Data records
--------------------

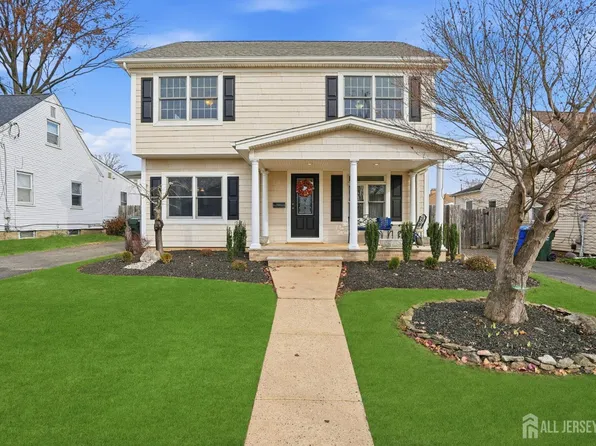 326 Dekalb Ave, Woodbridge, NJ 07095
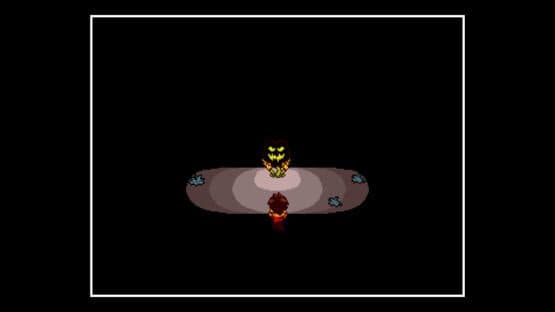 TC!Underfell — screenshot 1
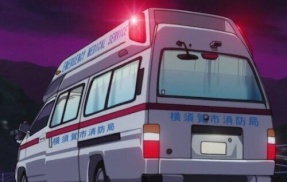 緊急搬送された救急車内で「持病ありませんか？」と聞かれた人、うっかり「鬱病」と回答　→　結果とんでもない展開にｗｗｗｗ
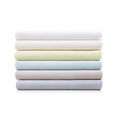 White Split Head Cal King U49075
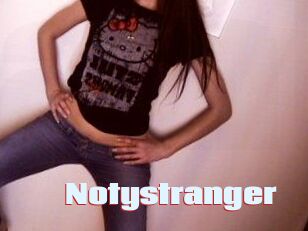 Notystranger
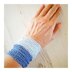 Jewelry :: Festive Wrist Cuff Bracelet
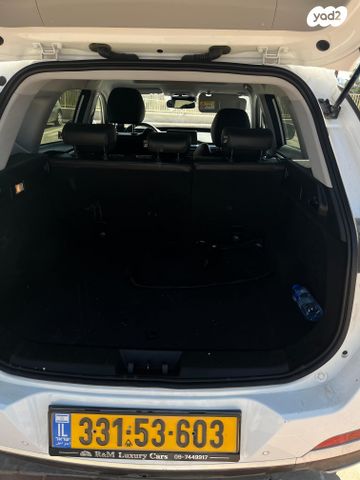 מודעת רכב צ׳רי טיגו 7 פרו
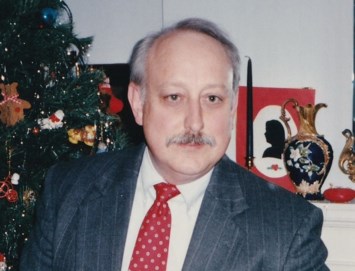 Obituary of James William Brandt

--------------------

_WHAT YOU NEED TO DO:_ Set down the entries above word for word, but drop any image.

_SOLUTION TO THIS TASK:_
 326 Dekalb Ave, Woodbridge, NJ 07095
 TC!Underfell — screenshot 1
 緊急搬送された救急車内で「持病ありませんか？」と聞かれた人、うっかり「鬱病」と回答　→　結果とんでもない展開にｗｗｗｗ
 White Split Head Cal King U49075
 Notystranger
 Jewelry :: Festive Wrist Cuff Bracelet
 מודעת רכב צ׳רי טיגו 7 פרו
 Obituary of James William Brandt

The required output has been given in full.